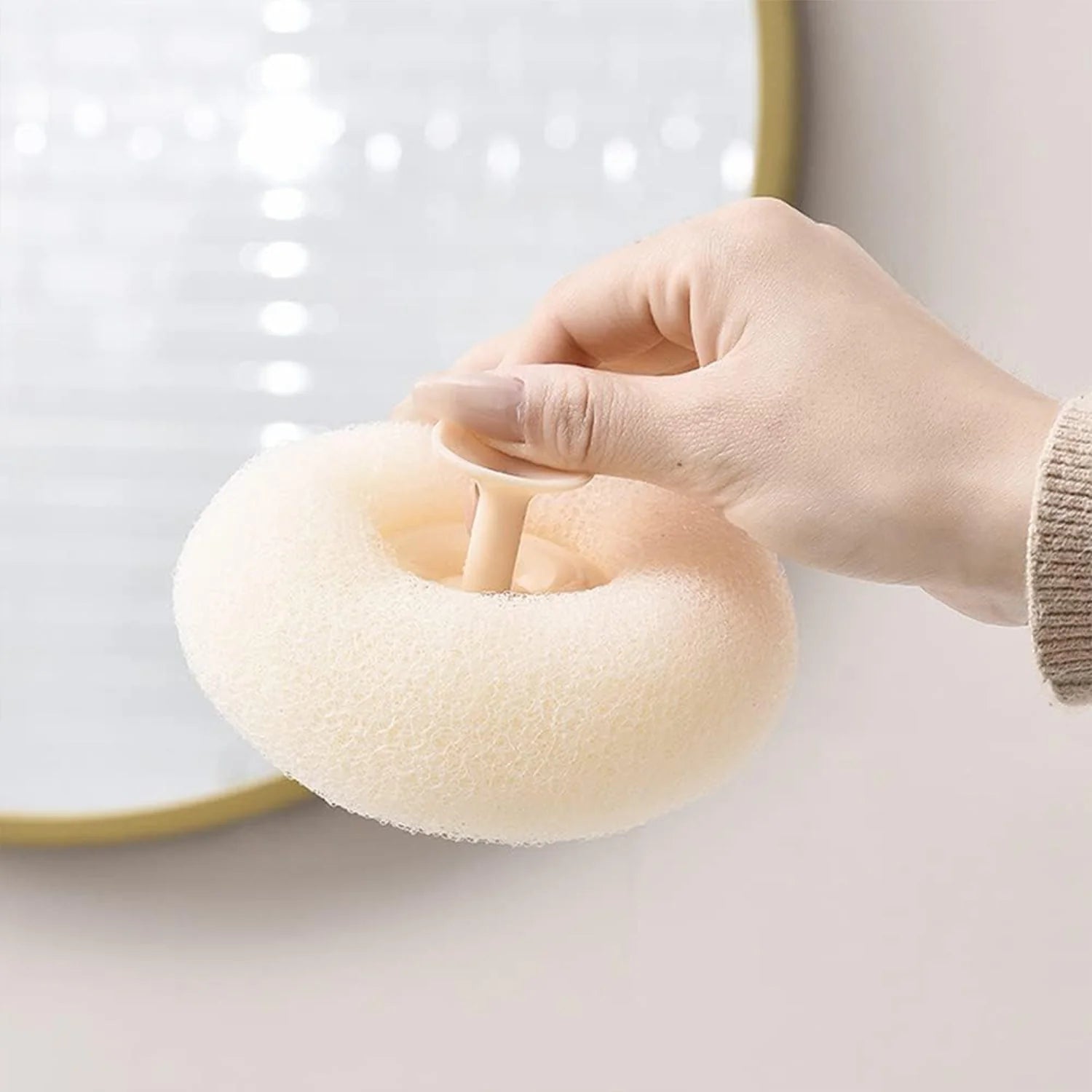 Super Soft Round Bath Sponge with Suction Cup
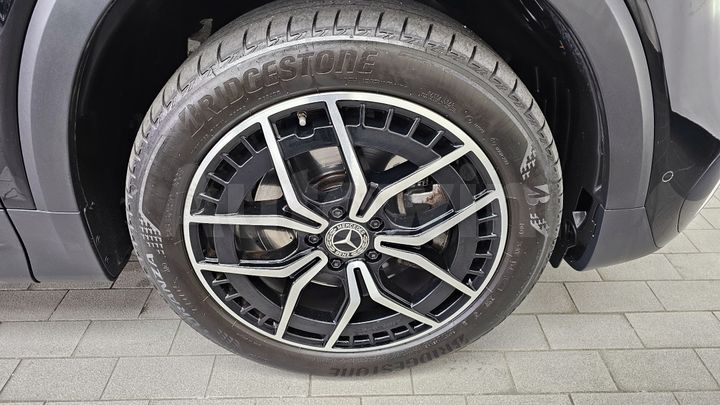 Mercedes Benz EQB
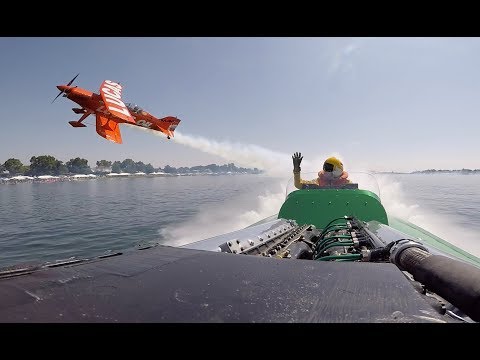 Biplane vs Hydroplane - Ultimate Air and Water Race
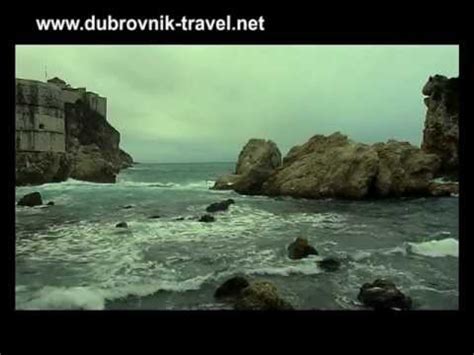 | meaning, pronunciation, translations and examples. Šiloko / Jugo / Sirocco wind in Dubrovnik - YouTube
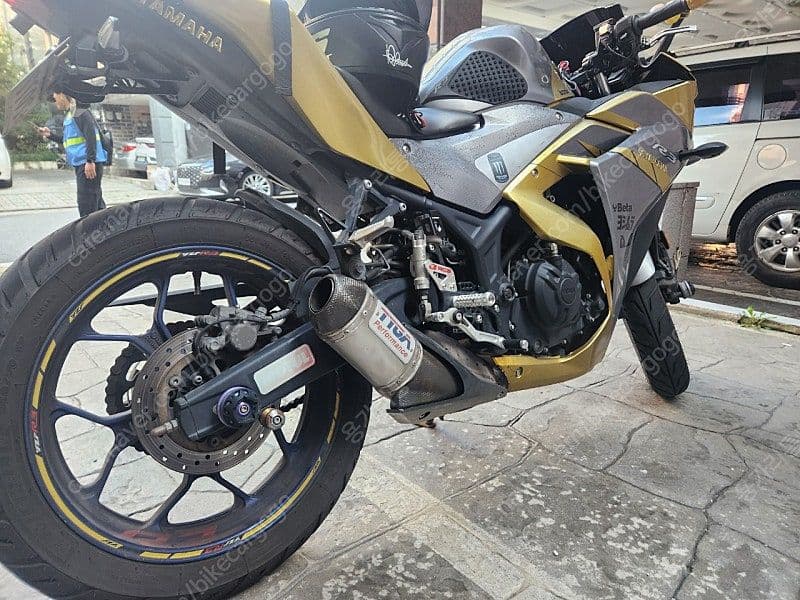 야마하 YZF R3 4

☆ ☆ ☆ ☆

• [Required work]:
None of the pictures belong in the copy; transcribe the rest of the data exactly.

• [Written answer]:
 Super Soft Round Bath Sponge with Suction Cup
 Mercedes Benz EQB
 Biplane vs Hydroplane - Ultimate Air and Water Race
 | meaning, pronunciation, translations and examples. Šiloko / Jugo / Sirocco wind in Dubrovnik - YouTube
 야마하 YZF R3 4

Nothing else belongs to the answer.